EXERCISE GOAL – Restate each of the lines below word for word and drop every picture.

GIVEN DATA –

··········

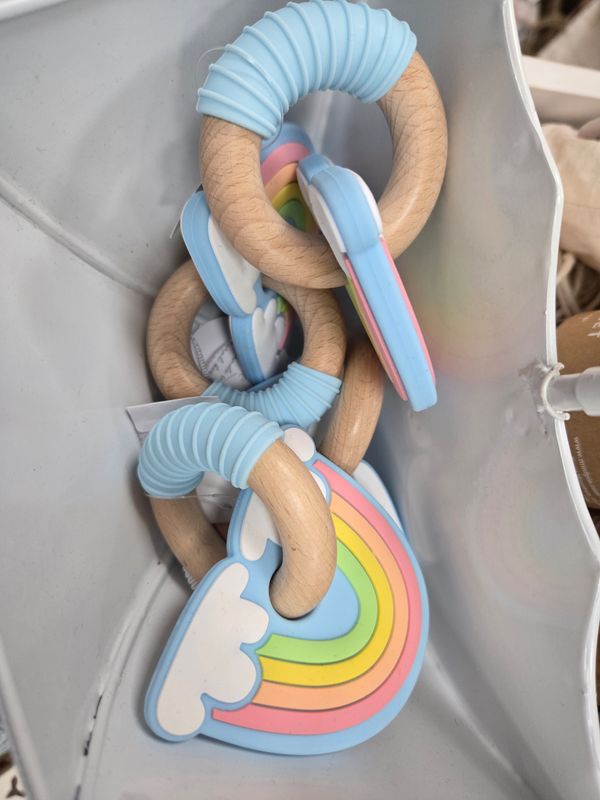 MP Rainbow Ring Teether #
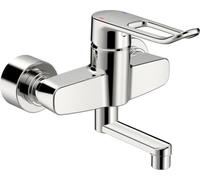HANSA HANSAclinca mezclador de lavabo, 177 mm de proyección, palanca, cromo, 01526286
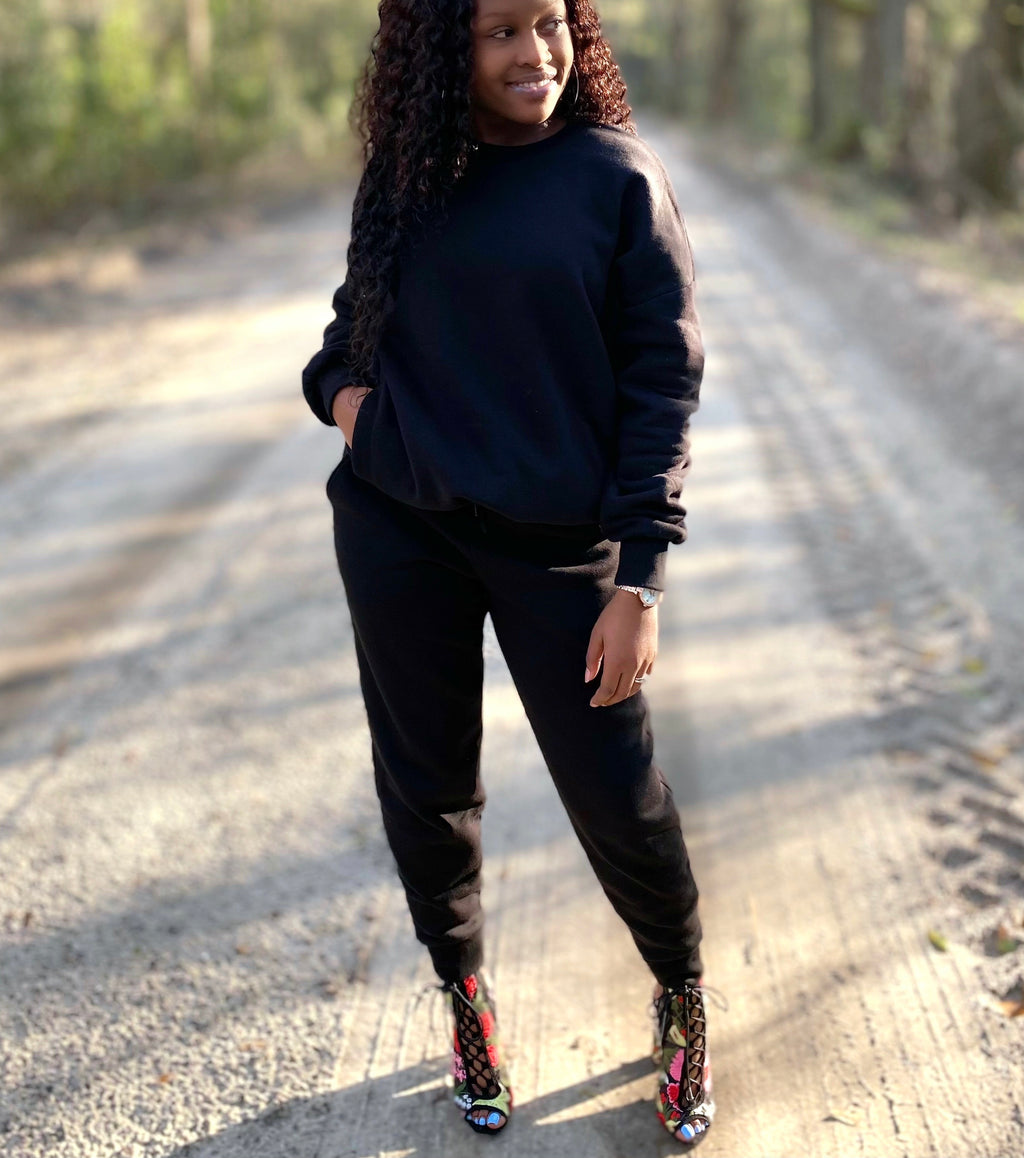 Not Your Bf’s | Set (Black)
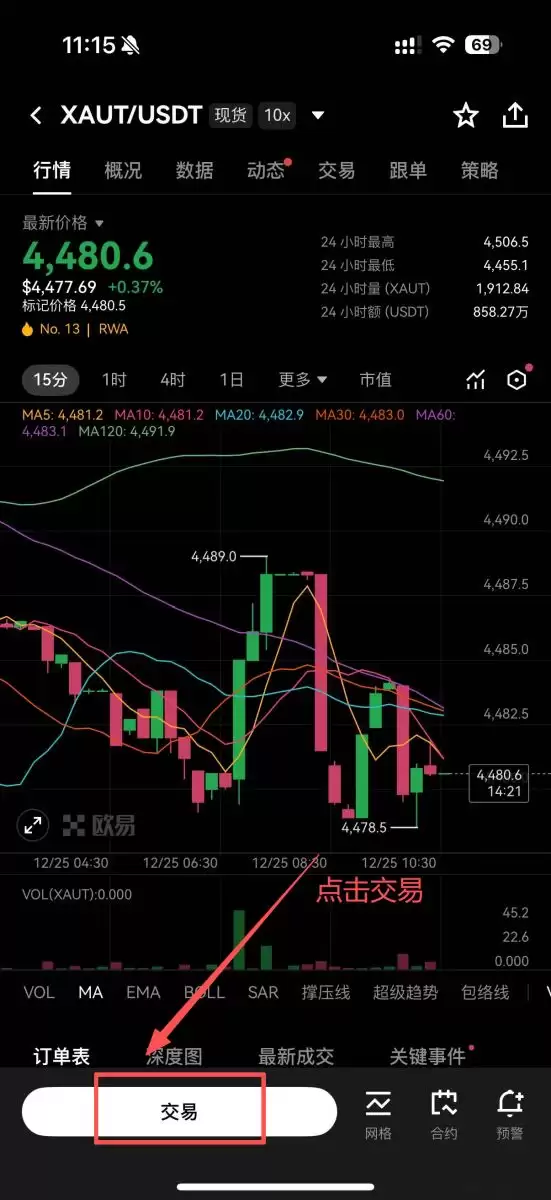 Tether Gold(XAUt)币详细介绍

··········

SOLVED EXERCISE –
 MP Rainbow Ring Teether #
HANSA HANSAclinca mezclador de lavabo, 177 mm de proyección, palanca, cromo, 01526286
 Not Your Bf’s | Set (Black)
 Tether Gold(XAUt)币详细介绍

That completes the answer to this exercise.